İkinci yarıda ise ofansif futbol kurgusunu sahaya yansıtıp en azından skoru eşitlemek yerine, tersi performans göstererek sergilenen korkak ve negatif nitelikli futbol performanslarıyla sadece farkın artmaması için mücadele etmeye çaba gösterdiler; bir başka ifadeyle zorunda kaldılar demek daha doğru olacağı kanısındayım. Çünkü bütün bunların tek nedeni vardı o da Fenerbahçe’nin takım halinde rakibe yaptığı önde baskı ve sahanın her yerinde uyguladığı agresif bir ofansif futbol kurgusuydu. Trabzonspor ikinci yarıda adeta 1-0’lık yenilgilerini koruma adına oynadı ancak onu bile başaramadılar ve bitime iki dakika kala ikinci golü de yiyerek yenilgiyi hak ettiler.
Fenerbahçe’ye gelince;
Karşılaşmaya yüksek tempoda, rakibe önde basan, coşkulu ve kazanmaya istekli bir futbol kurgusunu sahaya çok iyi yansıtarak başladılar. Daha ilk dakikalarda gücünü ve kararlılıklarını rakibe hissettirerek onların psikolojik olarak oyundan düşmelerini sağladılar. Özellikle orta alanı çok çabuk geçerek rakip yarı alanda kusursuz bir pas trafiği yaptılar. Kantları çok efektif kullandılar. Sağ kanat varyasyonlarından hem ilk yarıda hem de ikinci yarıda aradıkları golleri buldular. Her maçta yaptıkları gibi attıklarından daha fazlasını kaçırmayı bu maçtada yine ihmal etmediler. Fenerbahçe gibi oynayarak önemli bir 3 puanı almayı başardılar. Aşağı yukarı son üç haftadır eleştirilen futbollarının üstüne koyarak futbol kalitelerini her geçen hafta bir tık daha ileriye götürmeyi bu maçtada iyi icra ederek büyük takım olma özelliklerini tüm kamuoyuna, özellikle kendilerini acımasızca eleştiren şarlatanlara kapak niteliğinde gösterdiler.

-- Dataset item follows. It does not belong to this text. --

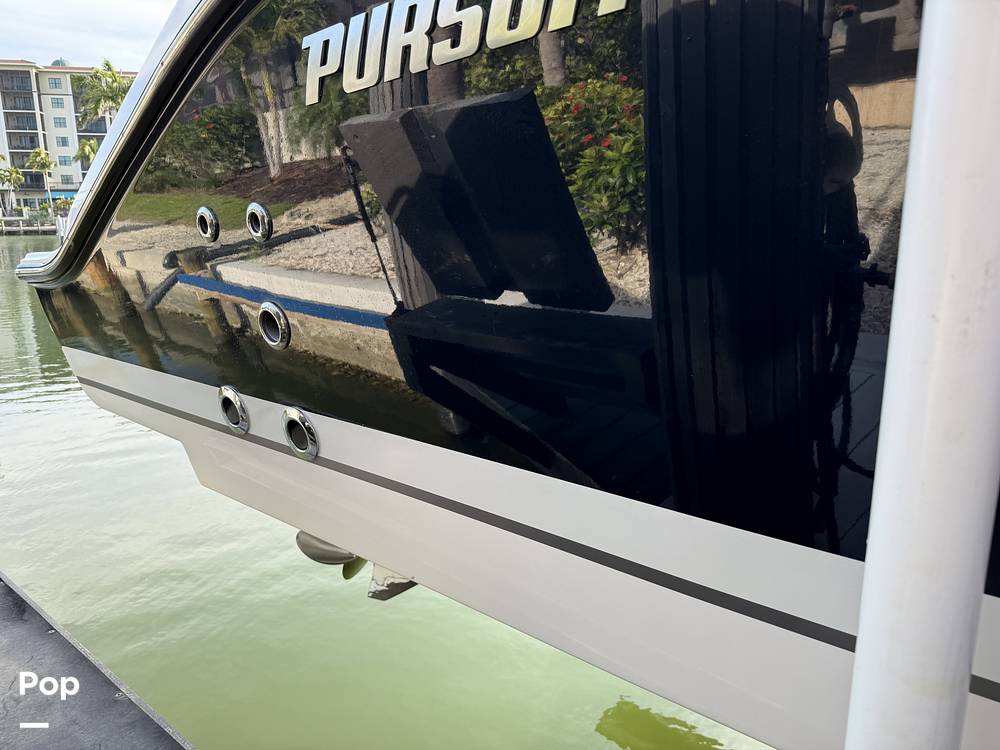 Slide: The Image of Glossy Everywhere - 15317159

Evet, Fenerbahçe bu maçta hem skor hem de sergilemiş olduğu futbol kalitesi açısından tam not aldı. Trabzonspor karşısında maç genelinde; yardımlaşma saha parselasyonu, kanat beklerinin hücuma katkısı, topun olduğu yerde çoğalmak, savunma hattını öne çıkartarak alan daraltmak, organize takım presi, akıcı pas oyunu gibi modern futbolun gereksinimlerine sahip kolektif ruh ve kolektif oyun yapısını sahaya çok iyi yansıttılar. Futbolun temel prensipleri içinde var olan, yüksek tempo, rakibe önde baskı, pas trafiği, top kayıplarında agresif olup topa tekrar sahip olmak, kanat atakları, şut organizasyonları ve final vuruşlarında skor üretmek gibi futbolun doğrularını takım halinde çok iyi yaparak 2-0 gibi net bir skorla zorluk derecesi yüksek olan bu kritik maçtan 3 puanı çıkartarak liderlik koltuğuna oturmayı başardılar. Fenerbahçe takımını kutluyorum.